Das für die Bereitstellung der Betriebsenergie der Mittenwaldbahn errichtete Wasserkraftwerk an der Ruetz ist bis heute ein Beispiel dafür, wie man am Beginn des 20. Jahrhunderts versuchte, technische Anlagen in eine klassische Architektursprache zu fassen. Auf diese Weise sollte der hohe kulturelle Anspruch sichtbar gemacht werden, der auch reinen Funktionsbauten zugestanden wurde. Diese Gebäude sind so gestaltet, dass ihre Einbindung in die Kulturlandschaft fast selbstverständlich wirkt.
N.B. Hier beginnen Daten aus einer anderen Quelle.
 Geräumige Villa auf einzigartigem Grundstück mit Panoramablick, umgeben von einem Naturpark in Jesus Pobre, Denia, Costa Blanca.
Mit Entwurf und Bau des Elektrizitätswerks an der Ruetz stehen zwei bekannte Tiroler Namen in Verbindung: Josef Riehl (geb. Bozen 1842, gest. 1917 Innsbruck) und Ferdinand Mayer. Josef Riehl ist als Erbauer der Karwendelbahn von Innsbruck nach Mittenwald (= Mittenwaldbahn) in die Geschichte eingegangen. Ferdinand Mayer und sein späterer Partner Karl Innerebner (von der gleichnamigen Baufirma Innerebner und Mayer, die aus einem von Josef Riehl gegründeten Betrieb hervorging) leiteten ein bekanntes Tiroler Bauunternehmen. Das Ruetzkraftwerk wurde zeitgleich mit der Mittenwaldbahn im Auftrag der k.k. Staatsbahnen nach Plänen von Ferdinand Mayer errichtet.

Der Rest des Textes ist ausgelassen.